Para ele, também não é interessante ficar trocando de fundo de investimento, ou seja, buscar um novo cavalo a cada momento para apostar. O ideal é se aprofundar na análise sobre a gestora, a equipe de gestão, a estratégia do fundo e, decidido por um fundo, esperar um tempo para ver a maturação da tese de investimentos.

Para Gabriela Mosmann, da Suno, é preciso paciência nesses momentos para não sair se desfazendo dos investimentos a torto e a direita sem pensar na estratégia.

“Recomendamos calma para reavaliar o produto. Pare e veja o histórico do fundo, sua rentabilidade nos últimos três anos e não só no curto prazo, a gestão, a justificativa que o fundo dá para o que está acontecendo e, a partir daí, avaliar se acha que vale ou não resgatar”, diz. “Considere critérios para tomar decisão. Não dá para ficar mudando de opinião o tempo todo, até porque há taxas e impostos. A mudança de carteira o tempo todo não funciona”, completa.
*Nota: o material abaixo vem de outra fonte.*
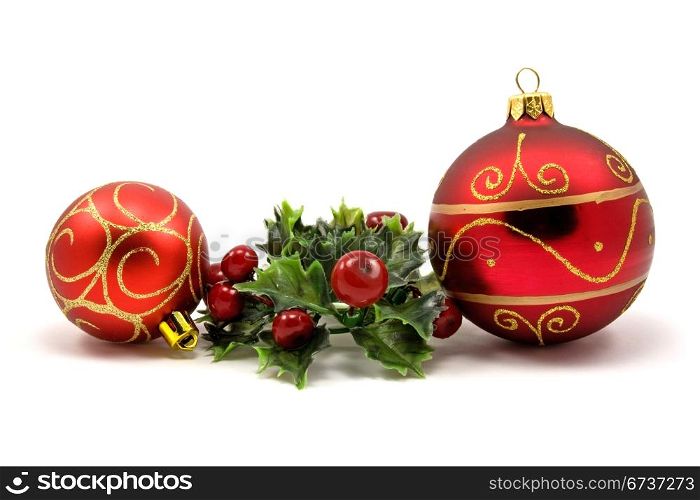 winter holiday decoration with christmas baubles and plant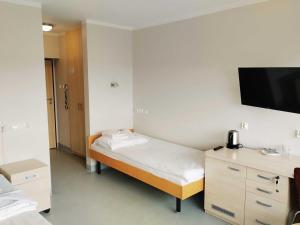 Posteľ alebo postele v izbe v ubytovaní Sanatorium Równica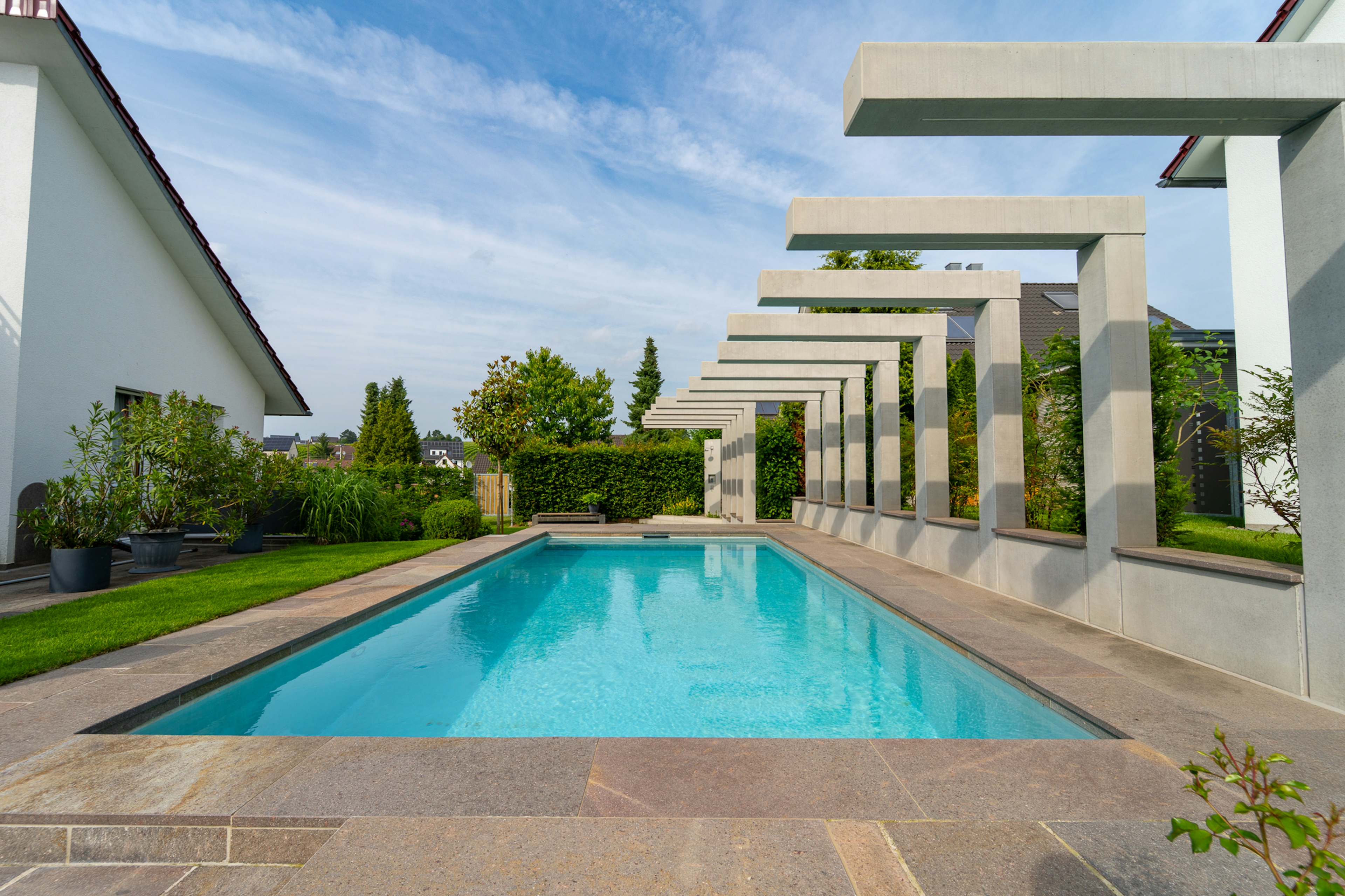 Symmetrischer Blick entlang der Pergola-Struktur mit reflektierendem Wasser im Mittelpunkt, Gartenpflanzen im Hintergrund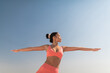 © Atolas/Stocksy - Young Asian woman practicing yoga outdoor.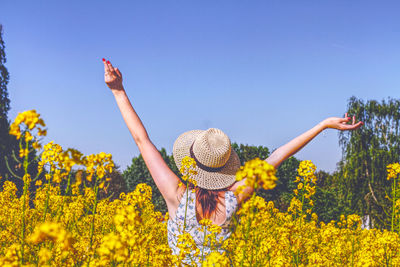 Rear view of woman with arms raised standing amidst flowering plants against clear blue sky
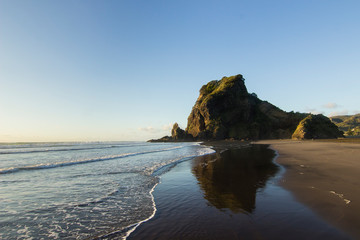 Lion rock on Piha beach New Zealand, reflection in the ocean 
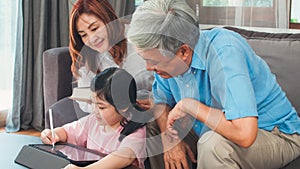 Asian grandparents and granddaughter video call at home. Senior Chinese, grandpa and grandma happy with girl using mobile phone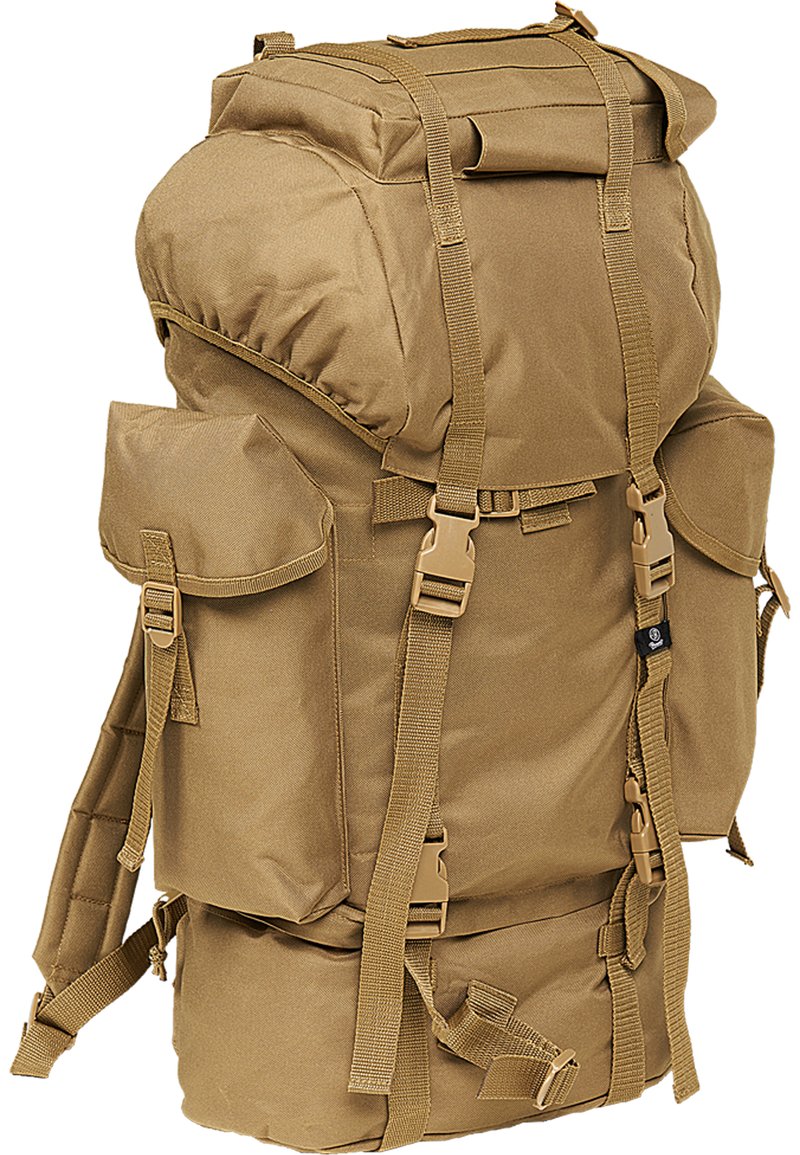 Sac à dos en tissu beige avec un rabat supérieur, plusieurs poches latérales, des bretelles réglables et des fermetures à boucle. Design robuste adapté à une utilisation en extérieur.
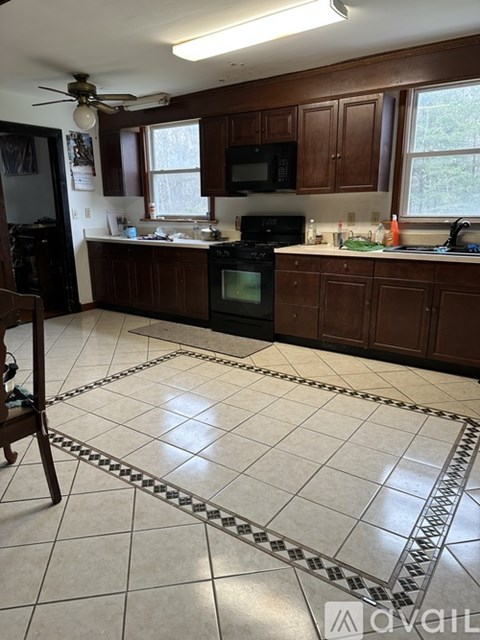 A kitchen with brown cabinets and a black stove top oven.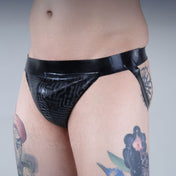 Latex premium-latex etched-pattern ectched-print intimates lingerie underwear jockstrap jock-strap pullon pull-on circuit circuit-print bold sleek stylish supportive striking edgy electrifying fetish fetishwear fashion alt-fashion bdsm bdsm-gear kink kinky male masculine masc mens menswear guys dudes black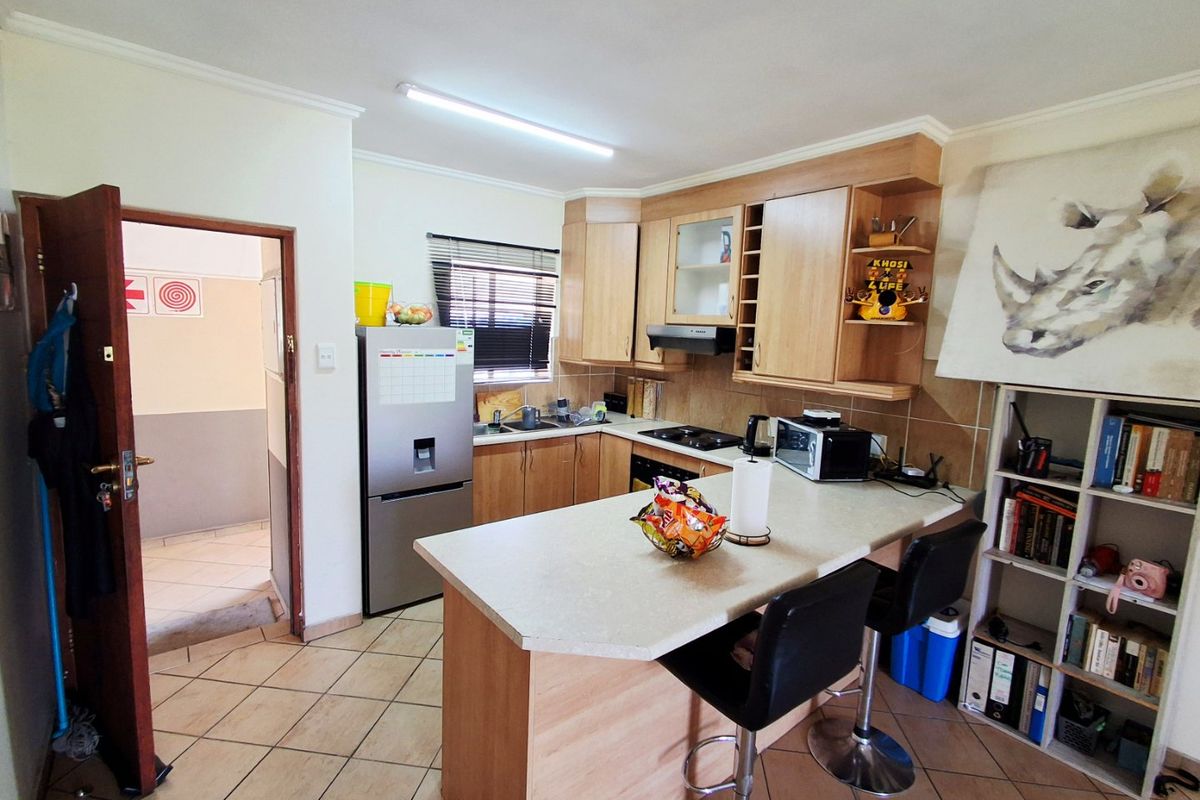A functional kitchen featuring light wood cabinetry, laminate countertops, a breakfast bar, and tiled flooring, providing a practical layout for daily use.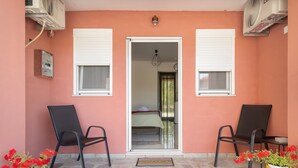 A hotel room entrance with two chairs, a bed, and a door leading inside.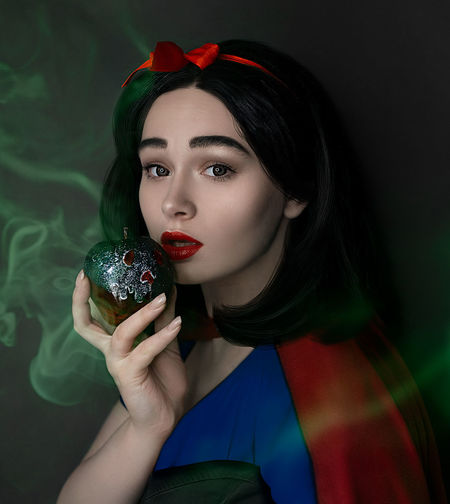 Portrait of woman holding red umbrella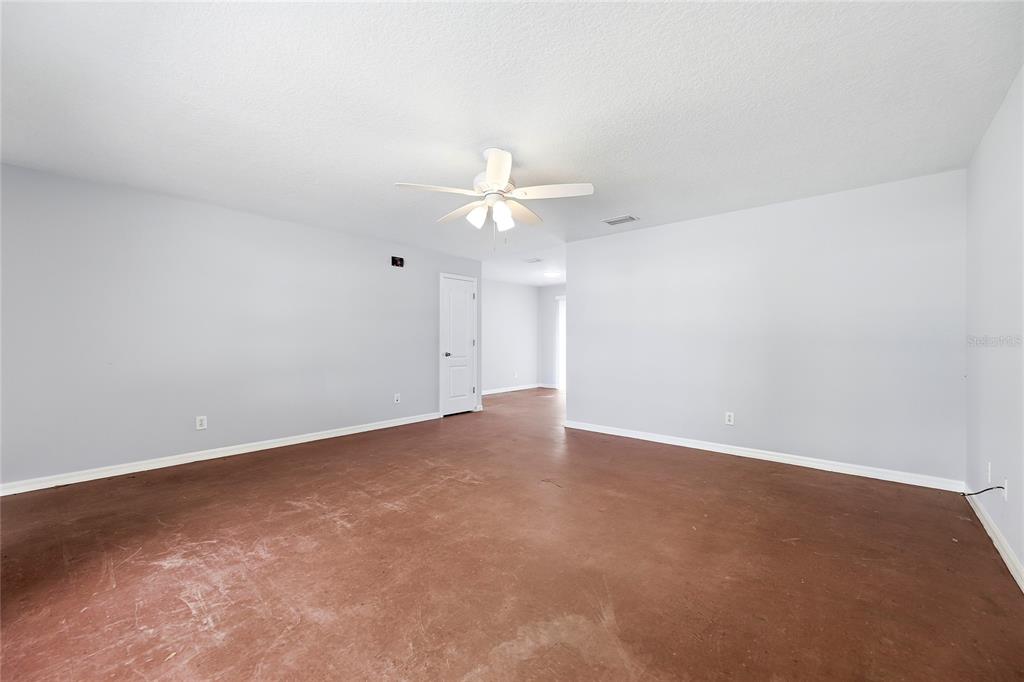 An empty room with light gray walls, a ceiling fan, and unfinished concrete flooring — 5377 BECK DRIVE, COCOA, FL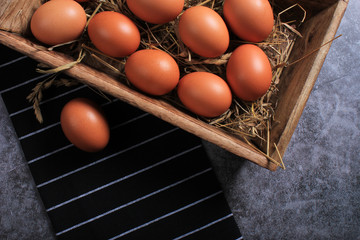 Eggs against black striped kitchen towel on dark background. Copy space. Concept of Easter.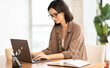 © Prostock-studio - Pensive Worker. Portrait of smiling girl in eyeglasses using laptop, sitting at office and doing research, copyspace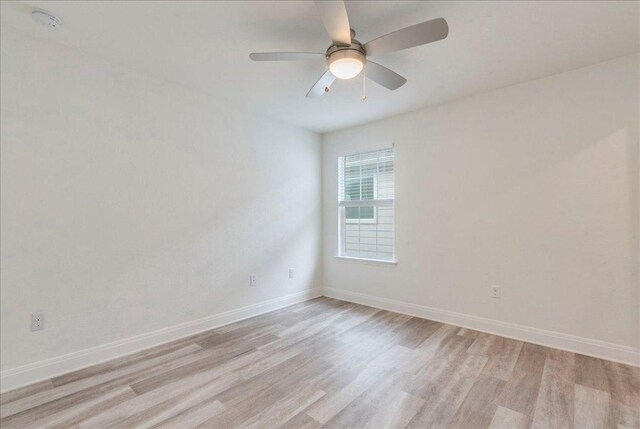 spare room featuring baseboards, ceiling fan, and light wood-style flooring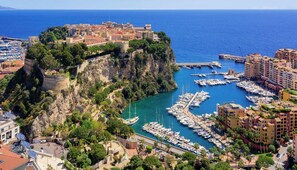 A coastal cityscape with a historic fort, a marina with numerous boats, and residential buildings.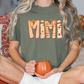 A person sitting on a bed with a pumpkin-themed t-shirt and holding a pumpkin-shaped mug.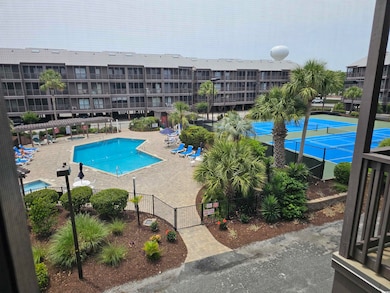 Community pool featuring fence, a patio, and a gate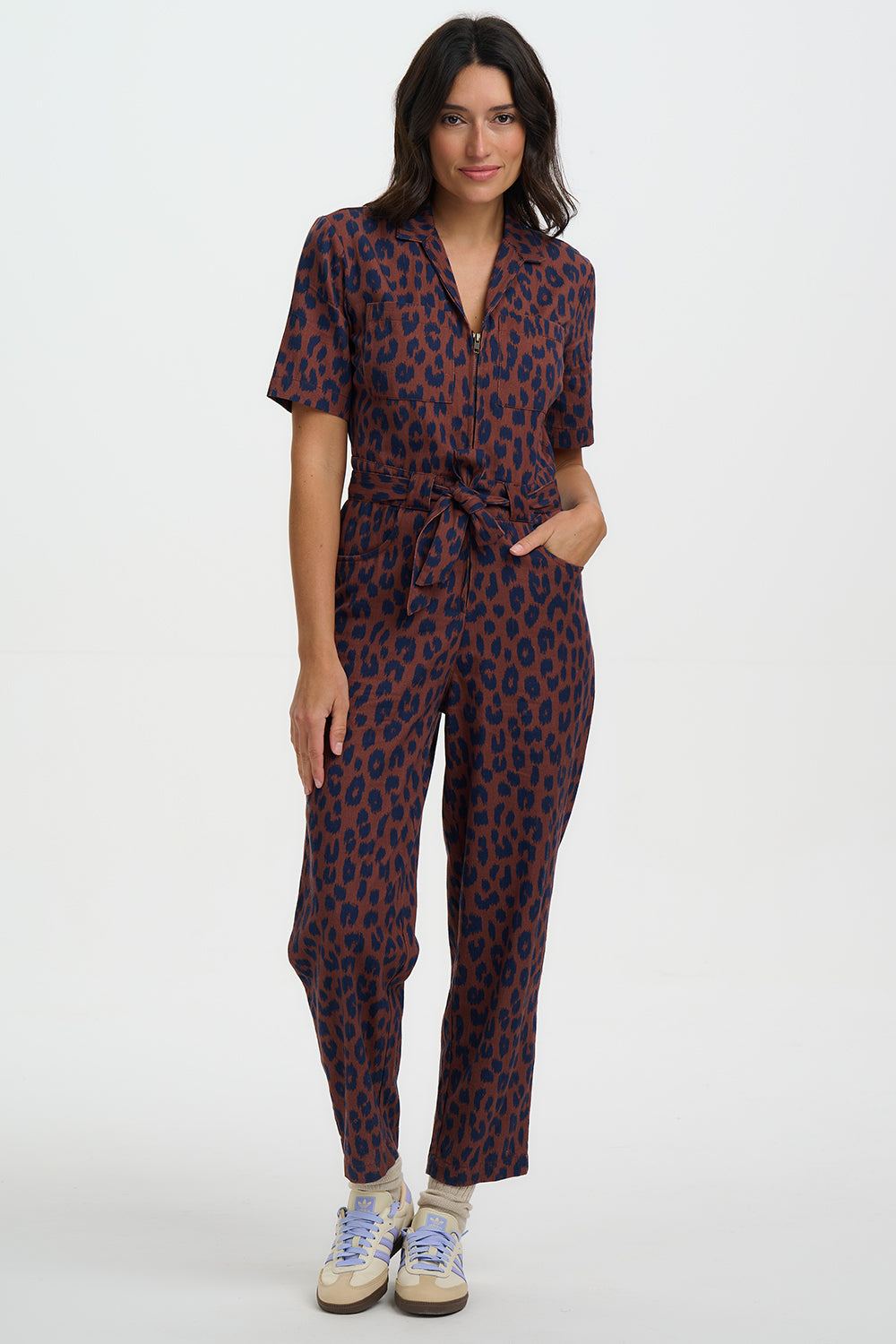 Woman wearing a patterned jumpsuit on a white background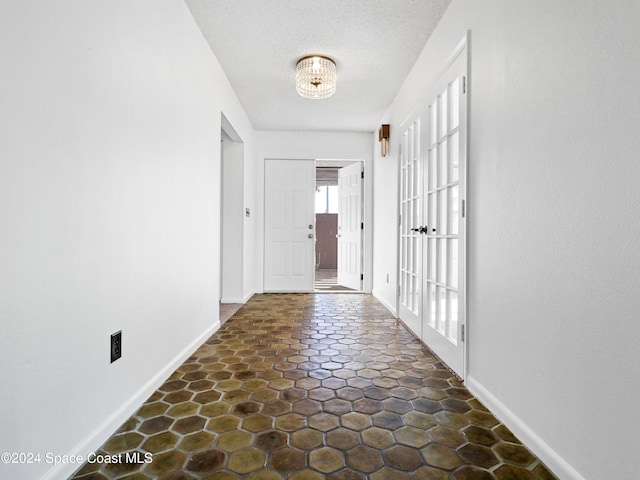 hallway with french doors and a chandelier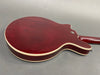 Back of dark red electric guitar with cream binding and strap button on gray background
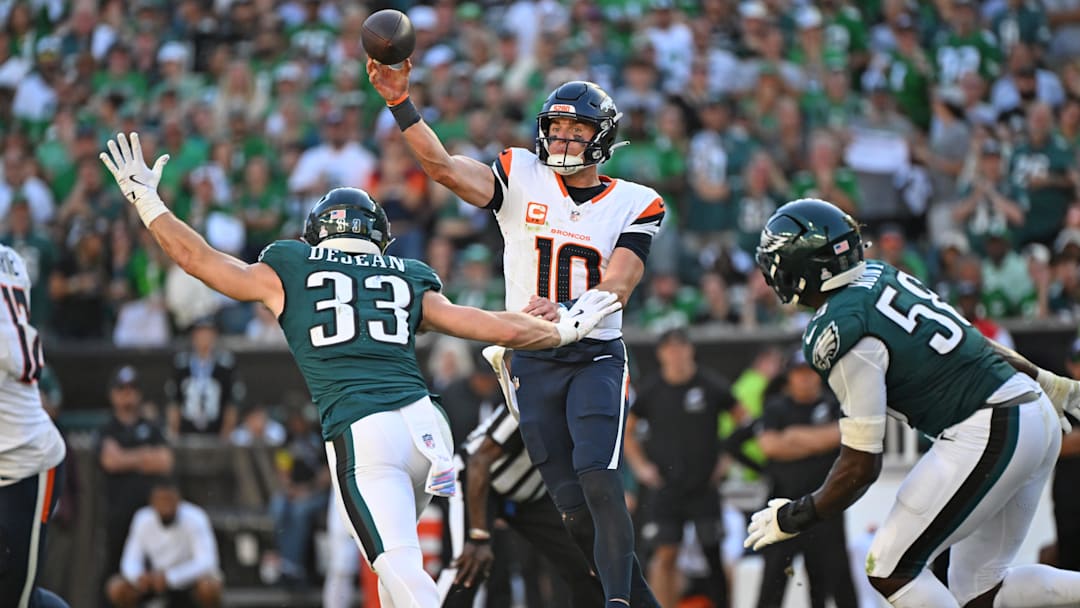 Oct 5, 2025; Philadelphia, Pennsylvania, USA; Denver Broncos quarterback Bo Nix (10) throws a pass order Philadelphia Eagles cornerback Cooper Dejean (33) during the fourth quarter at Lincoln Financial Field. Mandatory Credit: Eric Hartline-Imagn Images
BTG, apesar de ter revisto sua carteira sugerida, ao falar sobre os multimercados em relatório recente, defende o ativo. Explica que a performance não veio de renda variável nem em setembro, nem em outubro e que a indústria de multimercado agora voltou a mudar sua composição, aproveitando as oportunidades recentes em renda fixa e do cenário internacional.

“Conforme falamos no último relatório, os fundos menos comprados em real seguirão performando melhor e a indústria segue mudando sua composição de renda variável para mais renda fixa. Além disso, com a movimentação recente nas políticas monetárias nas economias maduras e nos mercados emergentes, esperamos a continuidade da captura de retorno por parte dos fundos multimercados no mercado cambial, em moedas fora do país“, diz.

Diz ainda que, com a proximidade do “tapering” (programa de retirada de estímulos da economia americana) em novembro, vê com bons olhos a posição de vários fundos comprados em abertura da curva de juro americana.

Vale, por fim, lembrar, que quando considerado períodos maiores de tempo, os fundos têm uma boa performance. Como boa parte dos investimentos, a maturação da tese pode ser dar ao longo do tempo e, além disso, o prazo maior dilui eventuais perdas pontuais durante o período – os acertos têm tempo para compensar os erros.